(Long Island, NY) There are a lot of instantly forgettable films released into theaters nowadays. Movies that are neither good nor bad, movies that decline to stand out in a special or memorable way, lost in a vast abyss of mediocrity. In my humble opinion, this is the very worst fate that can befall a motion picture. I’d rather sit through a movie so bad that it makes me want to wash out my eyeballs with a bag of thumbtacks than randomly drift in and out of consciousness because it failed to get me involved on any level whatsoever. Sadly, the latter is
the case when it concerns The Reaping, a new religion-themed horror movie starring 2-time Oscar winner and former Karate Kid Hillary Swank.
In a movie where the 10 Biblical Plagues of Egypt are visited upon a small southern town and actual heavenly Angels
are running around in its woods, the plot point I found hardest to swallow was that a hot young woman with a supermodel-caliber body was not only an ordained minister who had done missionary work in third-world countries, but also a college professor who is considered one of the lead experts in her field. Hey, I’m not being a chauvinistic pig and saying women aren’t capable of such things, but the ones I’ve seen that are sure don’t look anything like Hillary Swank.
Anyway, the name of Hillary’s character is Katherine Winter, and
while they never actually bothered to explain what exactly her field of expertise is, it apparently requires her to travel all over the world disproving alleged religious miracles. Her services are called upon by a man named Doug Blackwell (David Morrissey) while teaching at Louisiana State University- it seems that the river in his local town of Haven has turned to blood. Finding this to be odd behavior for a river, Katherine grabs her assistant, Ben (Idris Elba), and heads to the afflicted town.
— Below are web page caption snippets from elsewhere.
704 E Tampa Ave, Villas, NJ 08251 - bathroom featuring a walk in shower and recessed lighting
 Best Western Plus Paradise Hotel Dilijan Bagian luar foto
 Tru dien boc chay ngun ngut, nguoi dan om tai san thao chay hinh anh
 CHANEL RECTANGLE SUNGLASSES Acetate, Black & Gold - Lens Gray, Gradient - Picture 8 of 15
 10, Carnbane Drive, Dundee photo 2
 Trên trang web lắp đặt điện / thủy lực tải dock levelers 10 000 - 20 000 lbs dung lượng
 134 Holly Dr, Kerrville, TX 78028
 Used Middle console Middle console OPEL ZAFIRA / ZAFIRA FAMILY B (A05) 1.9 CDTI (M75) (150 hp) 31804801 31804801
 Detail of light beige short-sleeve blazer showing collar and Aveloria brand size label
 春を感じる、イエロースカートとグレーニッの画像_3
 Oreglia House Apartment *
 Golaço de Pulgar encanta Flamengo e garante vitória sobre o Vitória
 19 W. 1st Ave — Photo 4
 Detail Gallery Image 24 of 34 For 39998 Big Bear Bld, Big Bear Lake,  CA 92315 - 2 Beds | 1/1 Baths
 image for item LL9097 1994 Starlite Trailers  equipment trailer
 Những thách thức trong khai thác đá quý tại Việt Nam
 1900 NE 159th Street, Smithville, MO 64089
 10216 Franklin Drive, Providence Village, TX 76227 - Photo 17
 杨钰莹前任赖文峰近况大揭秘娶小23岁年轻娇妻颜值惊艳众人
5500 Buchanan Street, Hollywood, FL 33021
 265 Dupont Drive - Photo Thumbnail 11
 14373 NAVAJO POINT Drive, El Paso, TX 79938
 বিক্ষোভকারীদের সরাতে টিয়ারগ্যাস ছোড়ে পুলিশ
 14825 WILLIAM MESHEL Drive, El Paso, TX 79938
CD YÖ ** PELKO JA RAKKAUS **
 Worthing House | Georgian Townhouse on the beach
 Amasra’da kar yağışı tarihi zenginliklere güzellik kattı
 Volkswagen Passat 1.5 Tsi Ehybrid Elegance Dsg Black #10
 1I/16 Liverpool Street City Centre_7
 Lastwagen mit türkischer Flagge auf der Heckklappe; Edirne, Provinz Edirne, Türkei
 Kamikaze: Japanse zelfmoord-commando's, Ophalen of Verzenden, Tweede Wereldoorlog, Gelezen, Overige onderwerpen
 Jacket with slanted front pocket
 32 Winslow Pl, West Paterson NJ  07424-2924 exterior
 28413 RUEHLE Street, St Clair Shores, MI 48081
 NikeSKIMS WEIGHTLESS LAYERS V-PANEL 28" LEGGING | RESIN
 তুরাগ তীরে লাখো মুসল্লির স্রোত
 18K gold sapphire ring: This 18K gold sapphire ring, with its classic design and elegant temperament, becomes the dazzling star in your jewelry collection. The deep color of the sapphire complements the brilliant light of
Once in the midst of their investigation, Katherine and Ben discover that the town of Haven is being confronted with the very same plagues that were unleashed upon Egypt by God in the Biblical story recounted in the book of Exodus. Why the very same thing would be happening in modern times to a town of back wood hicks is anyone’s guess, but this seems to be the case and Katherine can’t come up with a logical explanation that doesn’t involve fire and brimstone. From this point forward, however, the film started losing me.
Did The Reaping lose my interest because it was unoriginal? Maybe. I want to avoid spoiling The Reaping for you, so all
I’ll say is that the main plot of the movie seems to be lifted almost directly from 2006’s The Wicker Man (itself an unoriginal remake of a 1973 feature). If you’ve seen that movie, then I’m sure you’ll notice the similarities- an evil cult lures an innocent to their town under the false pretenses, one of them involving a little girl believed to be in grave danger. Whoops, I guess I did spoil part of the plot. But believe me, you won’t care.
Did The Reaping lose my interest because the story was uninteresting? I suppose. It was presented in a somewhat disjointed fashion and the information that it actually managed to reveal during the course of the narrative was sketchy at best. It basically reduced The Reaping to a series of random events, tied together by repeated shots of Hillary Swank looking either confused, scared, or both. I thought it seemed that way because I was having a hard time staying awake (the movie was the cause of that malady), but a friend of mine sitting next to me managed to stay alert and was having the very same issues.
Did The Reaping lose my interest because the acting was bad? Not at all. Remember, Hillary Swank is a 2-time Oscar winner. She won her first for 1999’s Boys Don’t Cry, and followed up with her second for 2004’s Million Dollar Baby, so it’s not like she can’t act. In addition, her co-stars hold up their end of the bargain as well. But sadly, all their talents are wasted on this endeavor, as none of the cast has very much to work with in terms of the story or script.
In the end, good and evil collide and it all gets silly beyond words. Early in The Reaping my movie-going chum compared the character of Katherine to Indiana Jones, in that she’s a world-traveling adventurer who teaches college on the side. At the finale I noticed another similarity to Dr. Jones- this movie borrows heavily from the ending of Raiders of the Lost Ark, where evil gets its fiery comeuppance directly from The Lord himself, only it’s not nearly as cool here as when it happened to the Nazis in Raiders.
So, The Reaping isn’t good, it isn’t bad- it’s just kind of…there. I forgot most of what happened by the time I made it to the parking lot of the movie theater, and that’s NOT what I call an evening’s entertainment. I really can’t recommend The Reaping, but there’s nothing sufficiently horrible about it that compels me to warn you away, either. However, if this movie sounded appealing to you despite the overwhelming indifference I’ve displayed towards it throughout the entire course of my review, I guess you must REALLY be bored. Go for it, then.